Location
- 1965 North Columbus Street Lancaster, Ohio 43130 United States 39°44′10″N 82°37′14″W﻿ / ﻿39.73611°N 82.62056°W

Information
- Type: Private, Coeducational high school
- Denomination: Nondenominational
- Established: 1998
- Superintendent: Craig Carpenter
- CEEB code: 362879
- Principal: Craig Carpenter (high school)
- Grades: PK–12
- Colors: Red and Blue and (White) ( )
- Athletics: OHSAA Division 4
- Athletics conference: Mid-State League (OHSAA) - Cardinal
- Mascot: Knight
- Website: fairfieldchristianacademy.com

= Fairfield Christian Academy =

Fairfield Christian Academy is a private Christian school in Lancaster, Ohio. Established in 1998, the school serves students from preschool to twelfth grade.

==History==
Fairfield Christian Academy was founded in 1998 as a ministry of Fairfield Christian Church in Lancaster, Ohio, a historical community 25 miles southeast of Columbus in Fairfield County. The school opened its doors to approximately 200 students and 20 faculty.
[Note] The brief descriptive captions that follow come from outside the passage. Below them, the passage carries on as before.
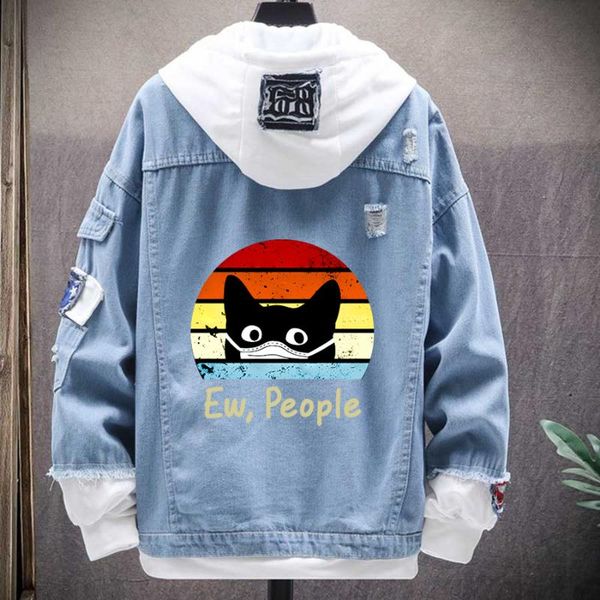 

men's jackets mask kawaii cat ew people print casual denim jacket streetwear men hip hop harajuku jean outerwear plus size autumn coat, Black;brown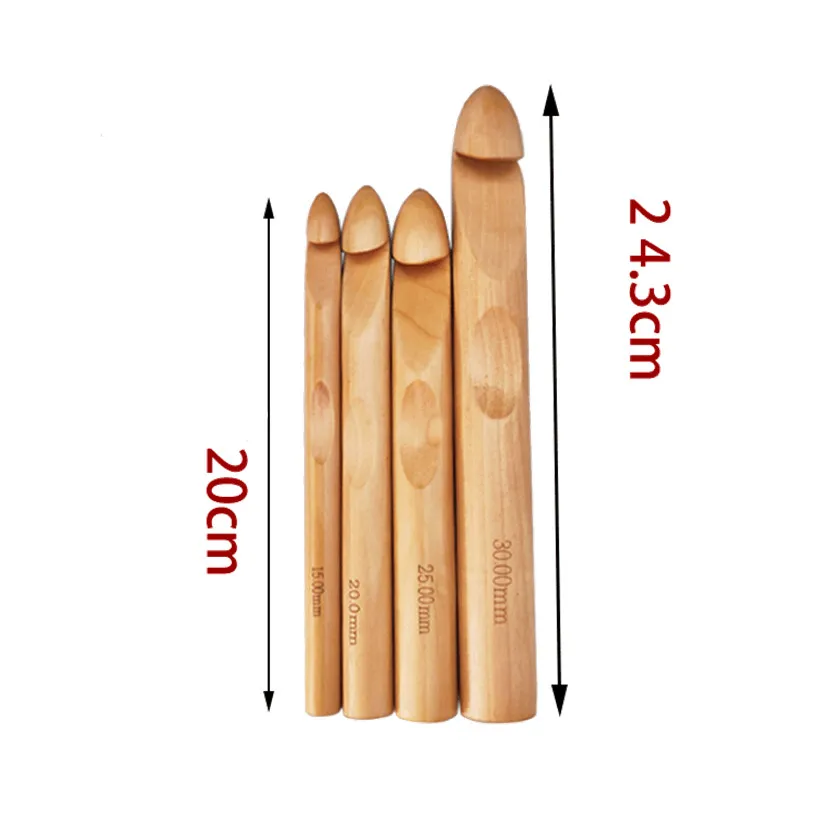 15/20/25/30mm Wood Crochet Hook Set DIY Knitting Needles Handle Home Knitting Weave Yarn Crafts Household Knitting Tools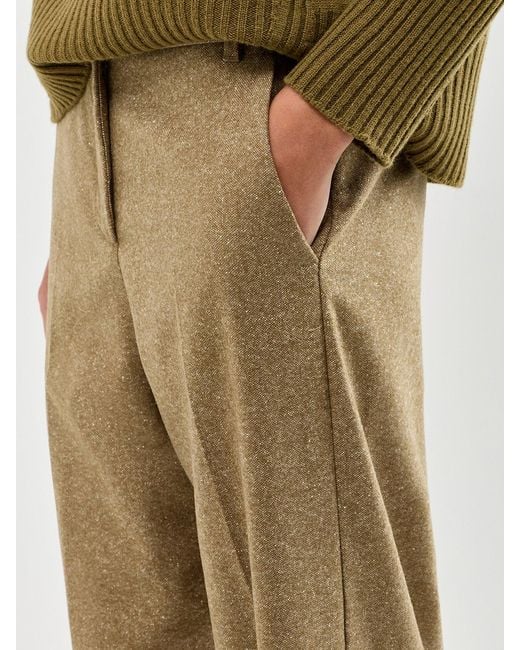 Marella Natural Virgin Wool & Silk Blend Poggio Trousers
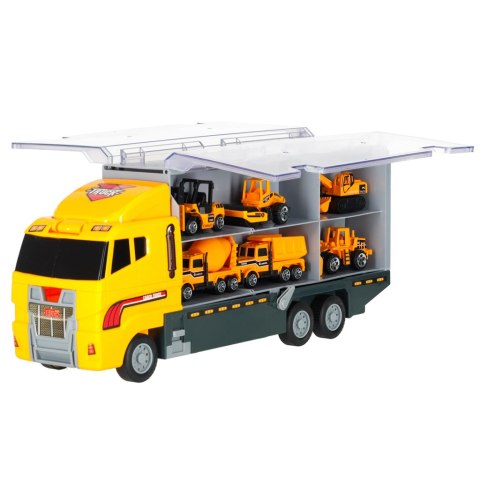 Transporter ciężarówka TIR wyrzutnia + metalowe auta maszyny budowlane Kik Sp. z o. o. Sp. k.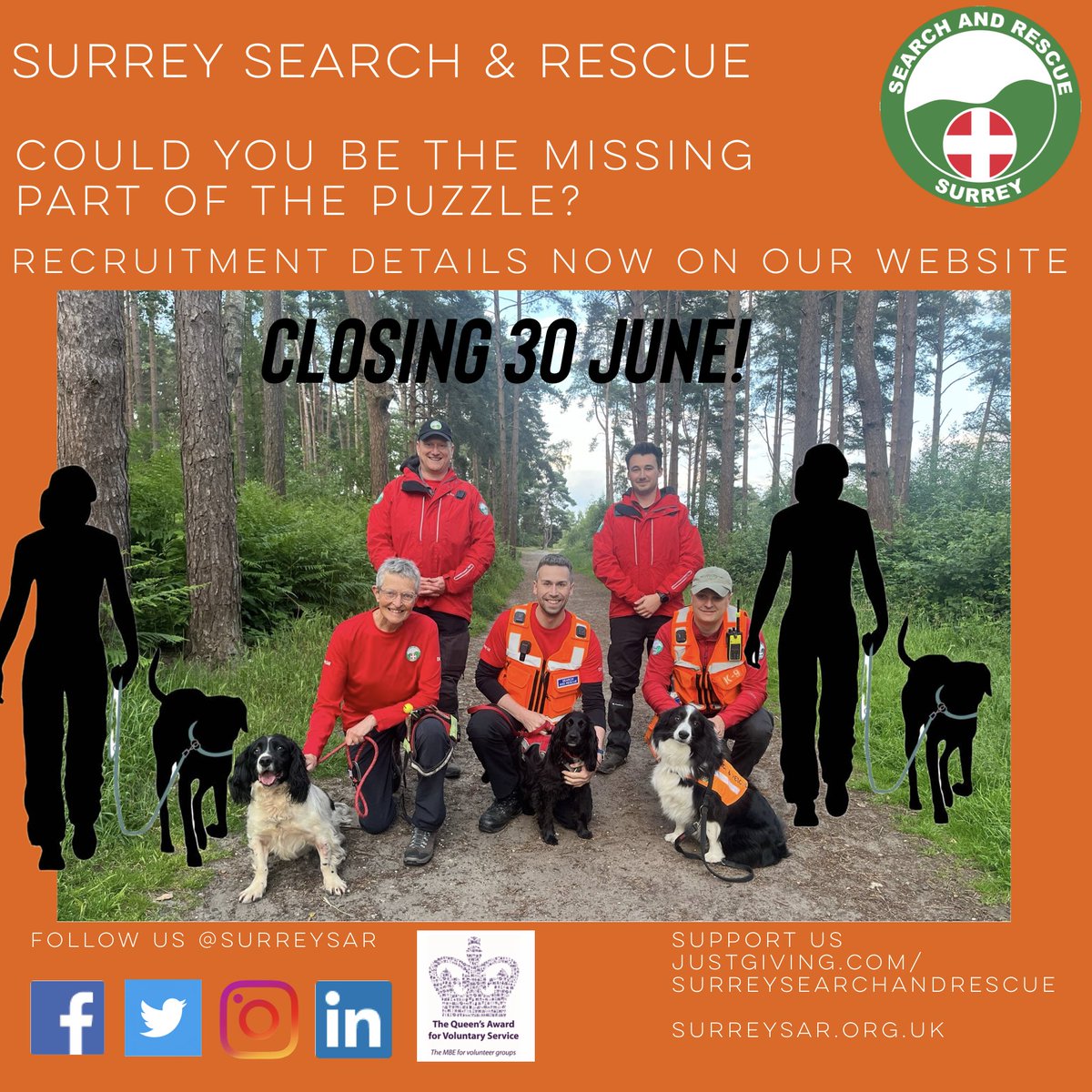 SurreySAR's tweet image. RECRUITMENT CLOSING 30th JUNE - this is your last opportunity to be part of something bigger, supporting @surreypolice, @surreyfrs and the people of Surrey UK 🧡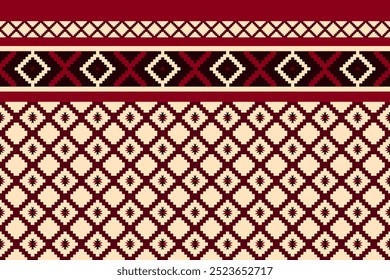 Seamless pattern ethnic design. Tribal motif background texture. Traditional geometric ornament. Native weaving style. Vintage fabric pattern. Cultural textile wallpaper. Seamless decorative art.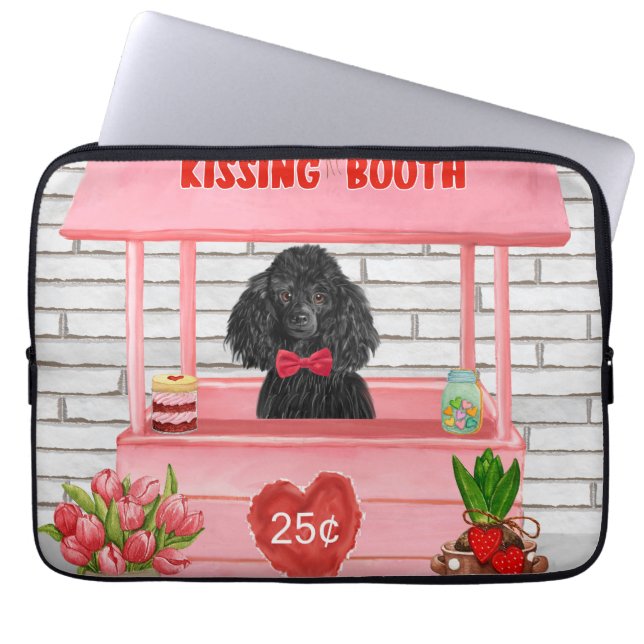 poodle Dog Valentine's Day Kissing Booth Laptop Sleeve (Front)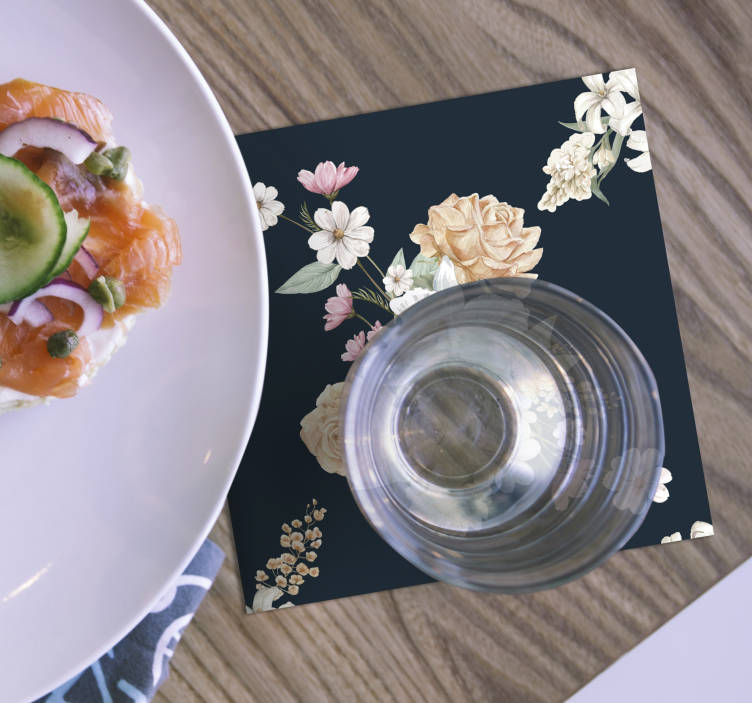 Vintage bloemenboeket onderzetter - TenStickers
Today the school has approximately 500 students in preschool through high school with over 80 faculty and staff.

The school is accredited by Association of Christian Schools International.

==Extracurricular activities==
Student groups and activities include Academic Quiz Team, Media Team, Ski Club, National Art Society, Ecology Club, Mu Alpha Theta, National Honor Society, National Junior Honor Society, and Spanish club.
The school's athletic teams, known as the Knights, compete in Ohio High School Athletic Association Division 4 in the Mid-State League. The school currently fields teams in archery, baseball, basketball, cheerleading, football, golf, softball, track and field, cross-country, and volleyball.